◆ **WHAT IS NEEDED**
This exercise requires an exact output of the listing, images omitted.
══════════
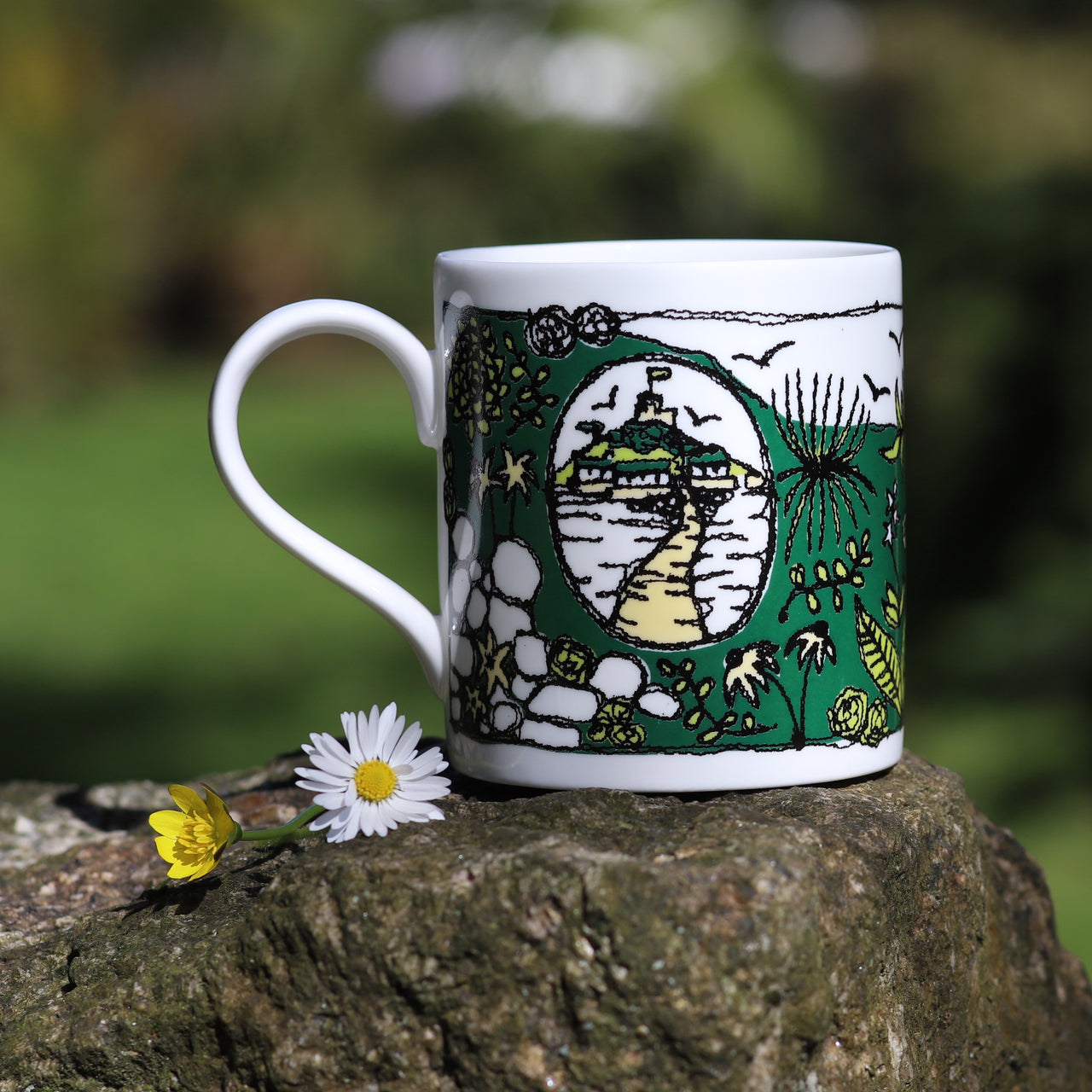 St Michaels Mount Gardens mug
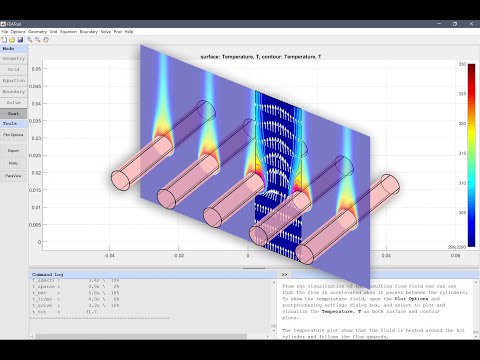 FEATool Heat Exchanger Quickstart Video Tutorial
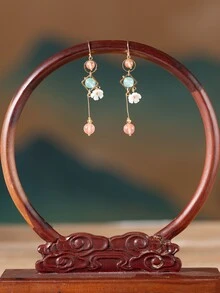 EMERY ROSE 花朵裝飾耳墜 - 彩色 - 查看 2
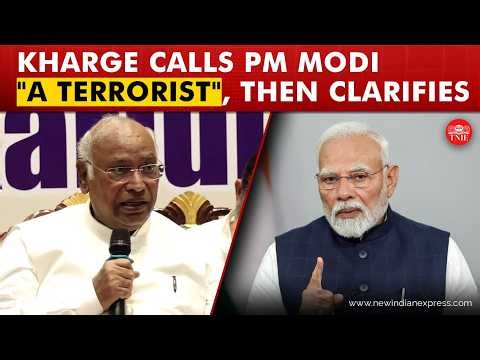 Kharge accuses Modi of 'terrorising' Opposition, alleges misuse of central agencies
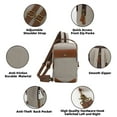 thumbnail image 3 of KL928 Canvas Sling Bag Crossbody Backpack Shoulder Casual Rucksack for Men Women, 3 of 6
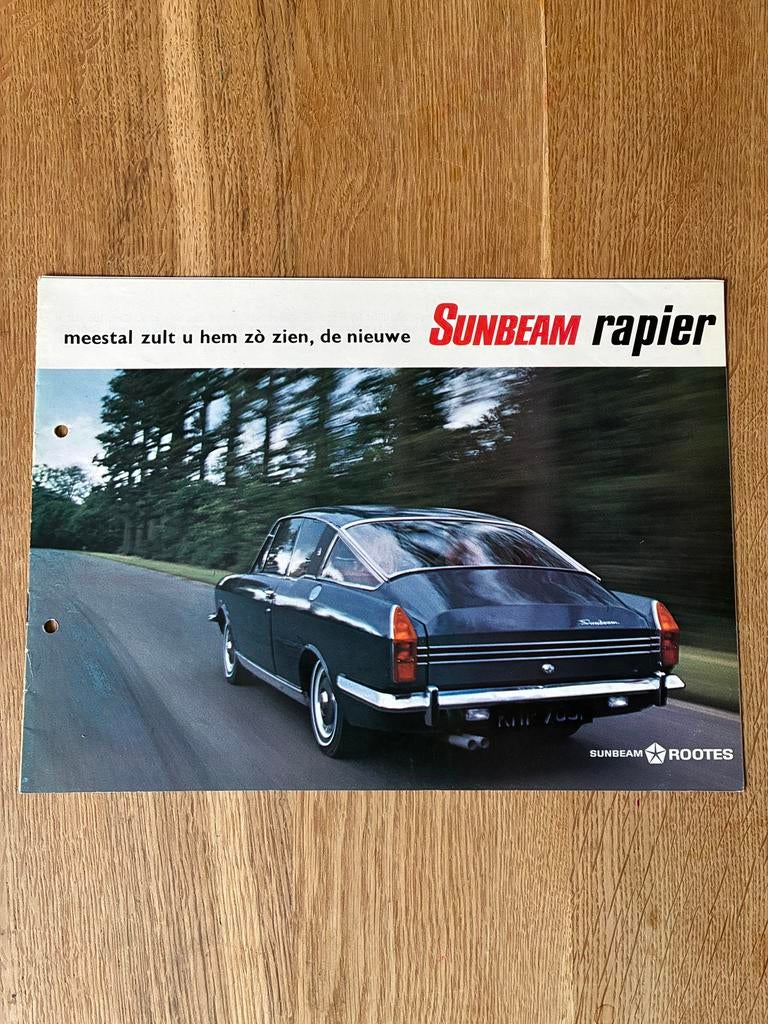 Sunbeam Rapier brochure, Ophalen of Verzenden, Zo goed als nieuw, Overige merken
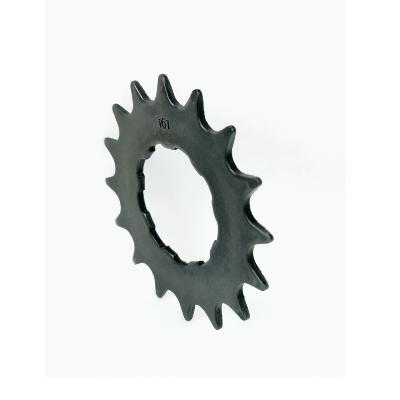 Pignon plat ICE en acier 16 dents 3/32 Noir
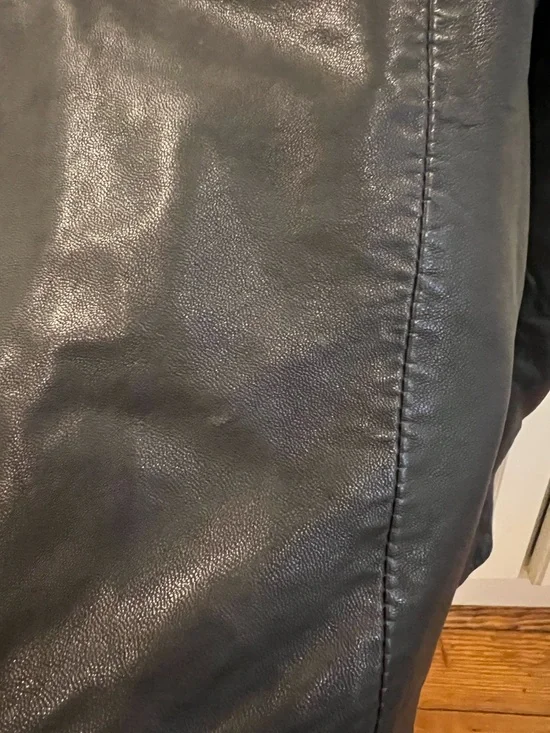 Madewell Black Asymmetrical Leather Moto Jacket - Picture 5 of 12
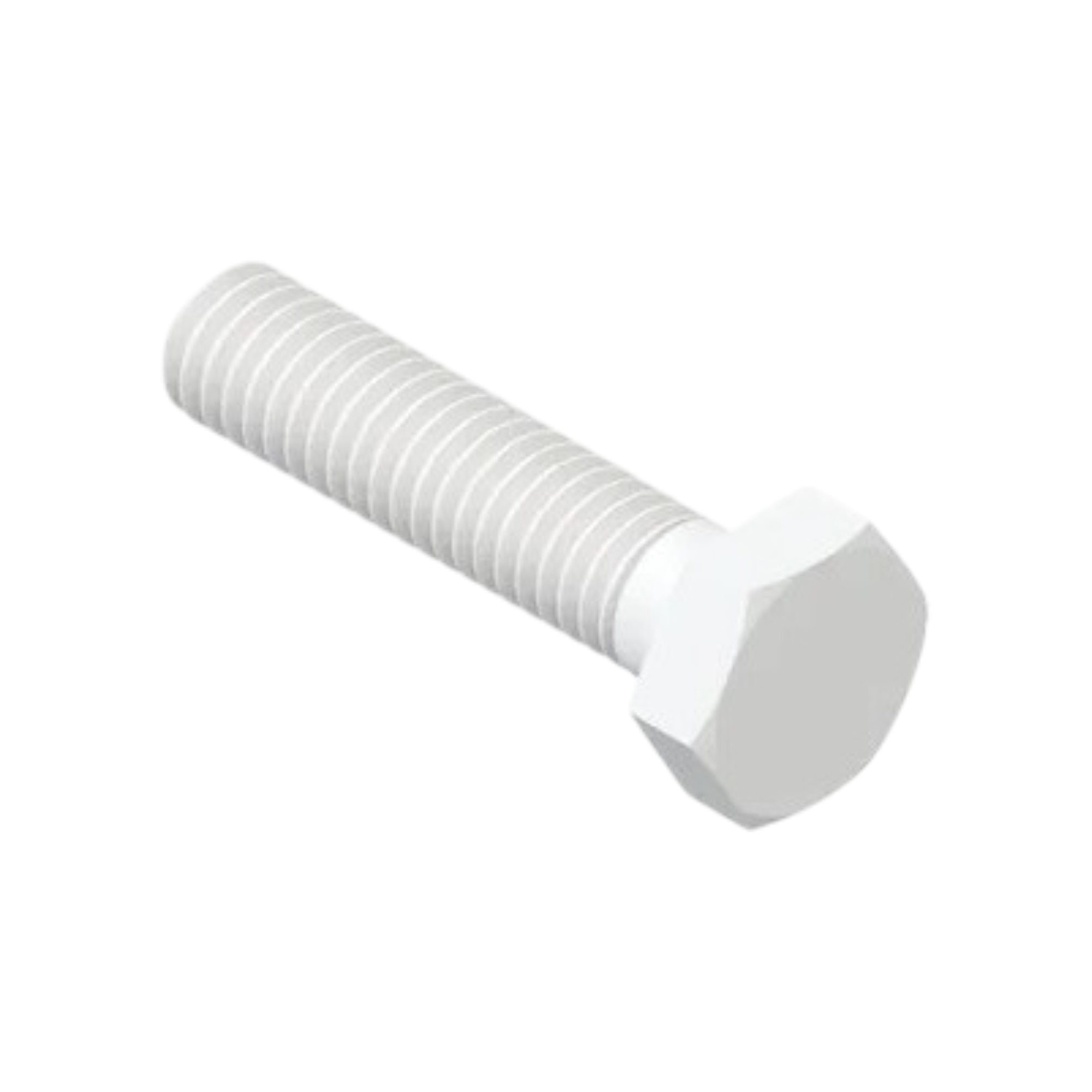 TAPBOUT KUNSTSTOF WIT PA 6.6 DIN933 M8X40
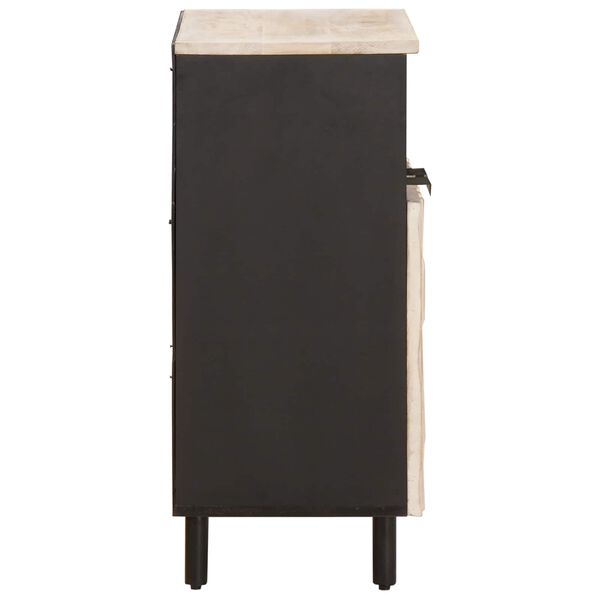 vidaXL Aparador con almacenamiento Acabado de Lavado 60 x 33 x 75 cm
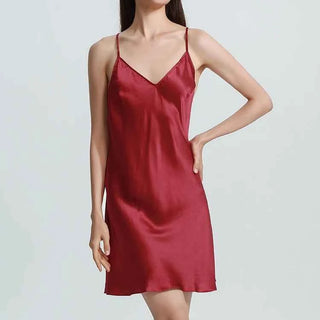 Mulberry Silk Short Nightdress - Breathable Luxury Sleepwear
══════════
◆ **TASK SOLUTION**
 St Michaels Mount Gardens mug
 FEATool Heat Exchanger Quickstart Video Tutorial
 EMERY ROSE 花朵裝飾耳墜 - 彩色 - 查看 2
 Kharge accuses Modi of 'terrorising' Opposition, alleges misuse of central agencies
 thumbnail image 3 of KL928 Canvas Sling Bag Crossbody Backpack Shoulder Casual Rucksack for Men Women, 3 of 6
 Sunbeam Rapier brochure, Ophalen of Verzenden, Zo goed als nieuw, Overige merken
 Pignon plat ICE en acier 16 dents 3/32 Noir
 Madewell Black Asymmetrical Leather Moto Jacket - Picture 5 of 12
 TAPBOUT KUNSTSTOF WIT PA 6.6 DIN933 M8X40
 vidaXL Aparador con almacenamiento Acabado de Lavado 60 x 33 x 75 cm
 Mulberry Silk Short Nightdress - Breathable Luxury Sleepwear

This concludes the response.